In Depth

La Liga want Man City investigated over financial fair play rules

Premier League side spent £221.5m during the summer transfer window

La Liga's president has urged Uefa to investigate Manchester City over claims it has breached financial fair play rules.   

Uefa last week launched a probe into Paris Saint-Germain’s big spending and now the Spanish league wants European football’s governing body to add the Manchester giants to its investigation. Both clubs have been sanctioned before over financial fair play regulations.

According to the BBC, however, Uefa is not investigating Manchester City despite reports. The Uefa statement said: “There is no investigation into Manchester City with regards to FFP regulations. Any reports mentioning such an investigation are unsubstantiated.”

In a statement to the Associated Press, La Liga president Javier Tebas said that spending from state-funded clubs “is irreparably harming the football industry”. City are owned by Abu Dhabi while Qatar owns PSG.  

Tebas claims City and PSG “benefit from sponsorships that make no economic sense and lack any fair value”. He said: “PSG and Man City’s funding by state aid distorts European competitions and creates an inflationary spiral that is irreparably harming the football industry.

“Uefa must enforce FFP regulations to avoid discrimination among clubs.”

This summer PSG broke the world transfer record by signing Neymar from Barcelona for €222million (£204m). They also added Monaco’s Kylian Mbappe on a season-long loan deal and will sign him next summer for a reported €180m (£165m). According to the AP report this deal is seen as unusual as it will delay PSG’s financial commitment to the deal. 

City were Europe’s biggest spenders this summer with transfer outlays exceeding £220m. Defenders Kyle Walker from Tottenham and Benjamin Mendy from Monaco cost £100m alone.

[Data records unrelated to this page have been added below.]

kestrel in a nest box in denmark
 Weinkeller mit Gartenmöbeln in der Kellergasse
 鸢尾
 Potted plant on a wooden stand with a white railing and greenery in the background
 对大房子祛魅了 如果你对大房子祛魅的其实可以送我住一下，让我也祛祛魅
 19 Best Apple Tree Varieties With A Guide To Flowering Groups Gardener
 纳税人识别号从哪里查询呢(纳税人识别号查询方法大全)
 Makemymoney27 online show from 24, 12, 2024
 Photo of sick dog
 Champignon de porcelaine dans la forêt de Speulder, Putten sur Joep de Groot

According to Uefa's financial fair play rulings for the current three-year assessment period until 2018, clubs that play in European competitions can incur losses of €30m (£27.5m) and not just rely on money injected into the club by owners. 

In his statement to Uefa, Tebas cited that sponsorship by state-backed companies helps City and PSG inflate their incomes. 

City are sponsored by Abu Dhabi's state-owned Etihad Airways, the Abu Dhabi Tourism & Culture Authority, investment fund Aabar, communications firm Etisalat and First Gulf Bank.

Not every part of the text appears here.